When it comes to new construction homes, one of the biggest benefits — having a clean, blank canvas with endless design possibilities — can make outfitting the space feel daunting. 

Case in point: This 2023 single-family home by Rhode Island builder Zalo One, LLC. Located in Middletown, Rhode Island, a suburban beach community not far from Newport, the home has plenty of square footage and tasteful finishes. It just needed the welcoming touch of staging experts Kristen Brown and Amy Keeley, co-founders of Salt + Pine Home Staging, to really help potential buyers envision themselves there.

“Empty new construction homes can feel cold and unwelcoming,” Brown says. “When staging one, it is important to highlight to the potential buyers how they can live in the space with the furniture layout or placement.” This is especially true with homes like this one that feature an open floor plan with no obvious room division or parameters for furniture arrangement. 

Brown and Keeley knew they wanted to make the living area’s striking dark fireplace a focal point, but its off-center location in the open-concept living and dining room (plus the two separate entrances to the space) made furniture placement tricky. They opted for a shorter sofa opposite the fireplace and rounded out the seating area with two accent chairs, a pair of cubes, and a glass coffee table. 

“We chose the woven cubes for extra seating, and they also help define the spaces in the open room without blocking sightlines,” Keeley says. You can get a similar look with this version from Target.
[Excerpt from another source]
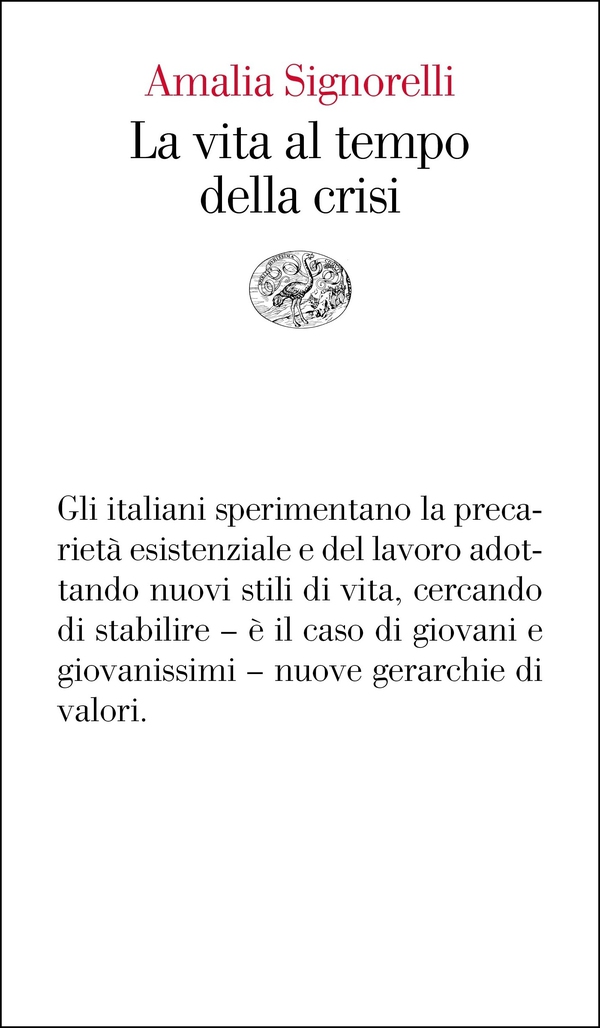 La vita al tempo della crisi - Librerie.coop La vita al tempo della crisi - Librerie.coop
A bench in front of the windows near the front door offers an additional spot to perch or to drop bags or other items upon entering the house.  

When it came to decor, the home’s location inspired many of Brown and Keeley’s selections. “The home is in a coastal community so we knew we wanted to bring in some natural woven elements to give a beachy vibe as well as to bring texture and interest to the space,” Brown says. 

The duo kept the color palette of the furnishings light to complement the white walls and dark gray fireplace. “We added some woven art on the mantel to bring warmth and visual interest. The wool rug anchors the space and softens the room with a subtle pattern, and its gray stripe coordinates with the painted fireplace,” adds Keeley. 

Credit: Salt + Pine

Many of the strategies Brown and Keeley used to warm up this property can work in any home — new or old. For example, they like layering neutral pieces on a mantel or console table to add interest without overpowering a space. Greenery is another go-to. “Fresh or faux stems in vases on mantels or coffee tables adds freshness to the space,” says Brown. In smaller rooms Brown and Keeley are fans of glass coffee tables (because they don’t feel heavy in the space), and cubes or benches (as they can be easily moved around to provide extra seating).

After the Salt + Pine team worked their magic on this house, it went under contract in about two weeks. The goal is for it to close in time for the buyers to enjoy the summer at their new beach retreat.